After the advice of Pierre-Olivier, an ESI ski instructor, we’ll go over the equipment needed for a ski touring trip in detail, with Charly’s help. Choosing the right equipment is important for safety and has also an impact on your comfort and progress.
Buying your own equipment can be worthwhile for frequent use, otherwise for occasional use you can easily hire the equipment in sports shops. Find the right store for you by typing in the name of your ski resort.
Here is a list of the equipment you’ll need:
It’s essential to choose a multi-layered outfit made up of different types clothing worn in layers that transfer and release sweat. In this way, you can adjust your outfit throughout the day.
Handy tip: Remove a layer before you start sweating.
What to pack: a spare t-shirt, (to stay dry!) a spare pair of gloves and a jacket for extreme weather conditions. You should carry equipment for all conditions in the event you’re forced or choose to stay longer.
Choose a backpack with a ski holder as you’ll need to be able to carry your skis easily during your trip. Select the size of your bag according to the length of your trip, whether you’re going for a half day or a full day. On top of spare clothing items (a t-shirt and gloves), you should carry food, drink and a first-aid kit. Don’t forget to bring sunscreen and quality sunglasses or snow googles with 100% UV protection.
Ski touring equipment has evolved over the last few years. Touring skis, bindings and boots have become much lighter, and the shape of the skis facilitates an easier technique.
We recommend parabolic skis that are 10 to 20 cm shorter than your height.
- Remember: The lighter the equipment is the easier the ascent will be.
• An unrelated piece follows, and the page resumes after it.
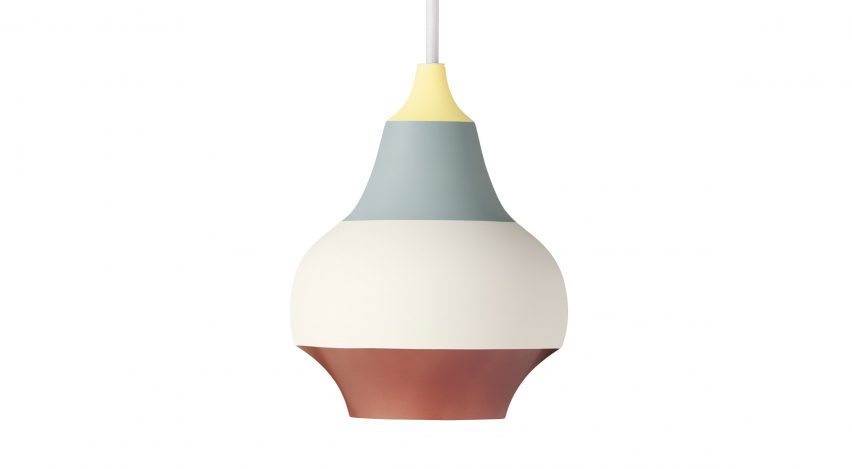 Cirque lamps by Louis Poulsen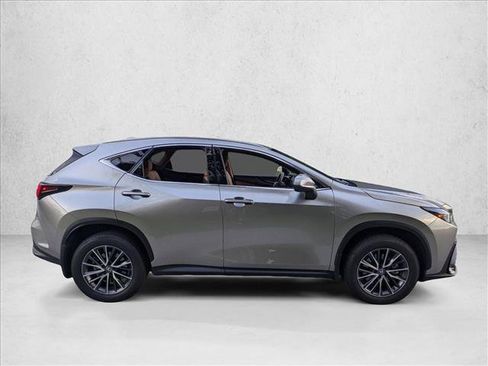 Used 2024 Lexus NX 350h AWD image 4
However, the descent will be more challenging as lighter skis are often less stable.
Ski length: the ski hire store will definitely recommend skis that come up to the midpoint between your nose and your eyes.
- Hint: Choosing skis that aren’t too long makes certain techniques easier, such as kick turns at the end of each turn during an ascent.
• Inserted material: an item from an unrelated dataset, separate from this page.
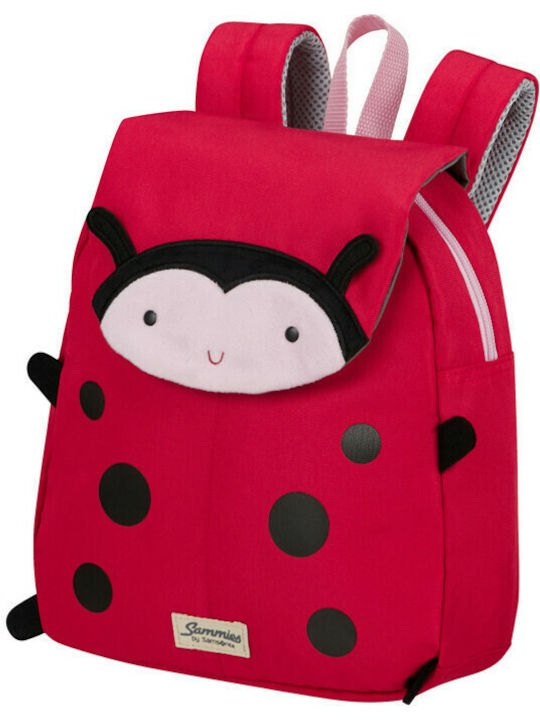 Samsonite Ladybug Samsonite Oster Tasche Schulranzen Rucksack Kindergarten Rot 7Liter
Ski touring bindings are set up in two ways: your heel is free during the ascent but is locked in during the descent. You can add a wedge for a more comfortable climb.
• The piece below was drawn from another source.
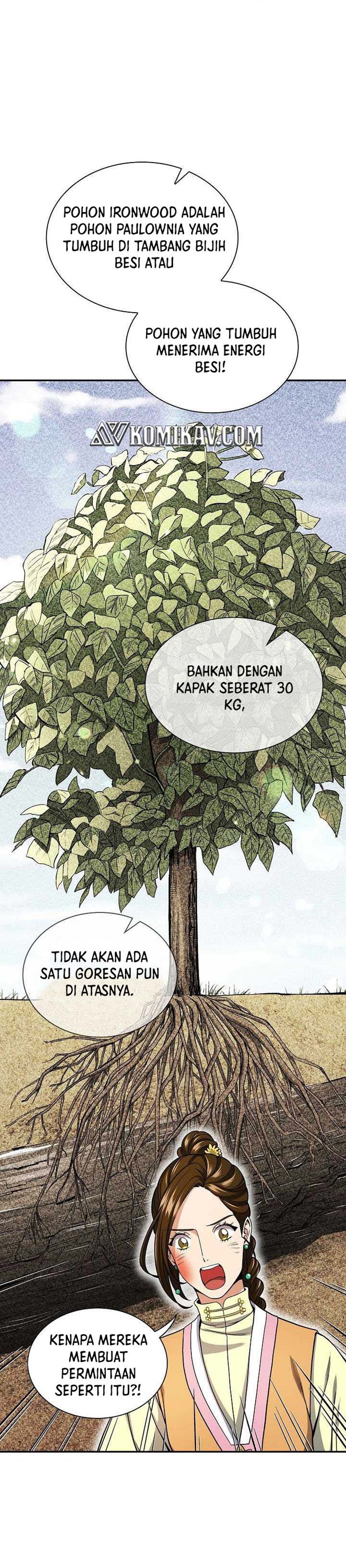 Storm Inn Chapter 21 Bahasa Indonesia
Your choice of boots is paramount: the latest ski touring boots are both comfortable and technically sound. Everyone’s feet are unique and not every brand will suit you, so make sure you try a range of different boots and brands.
Your ski poles should be light and strong with a large enough ring to provide stability in deep snow. They should have grips with a safety release strap that open in the event of an avalanche or your pole getting caught in a tree branch, for example.
There are two types of ski poles:
Downhill ski poles: you’ll need light and strong poles with a large enough ring to provide stability in deep snow, otherwise they won’t be of much use. Another solution is to use telescopic ski poles which can easily fit into your bag and won’t get in your way. The length is also adjustable, a very useful feature during ascents.
Climbing skins are a must have, they allow you to climb slopes without sliding backwards. A range of climbing skins have been developed and are available in mohair or synthetic fabrics with a wide array of options when it comes to waterproofing, thread thickness and size. Each of these features give the climbing skins different qualities.
Choose your ski hire store carefully. They’ll take care of expertly cutting and fitting the skins to your skis, which is essential to help you get up the slope. Don’t hesitate to visit a store recommended by our community to prepare your skis. Climbing skins are only effective when they’re perfectly moulded to your skis. Consult a specialist.
Crampons are used when the snow is very hard and climbing skins no longer adhere or for very steep slopes. There are two types of crampons: fixed and floating.
An avalanche transceiver is quite simply indispensable. It’s not enough just to own one, you need to know how to use it. It can help someone locate you and can also help you save your friend. Take a rescue course before you start. You will also need a shovel, probe and your mobile phone. This equipment can either be hired or purchased.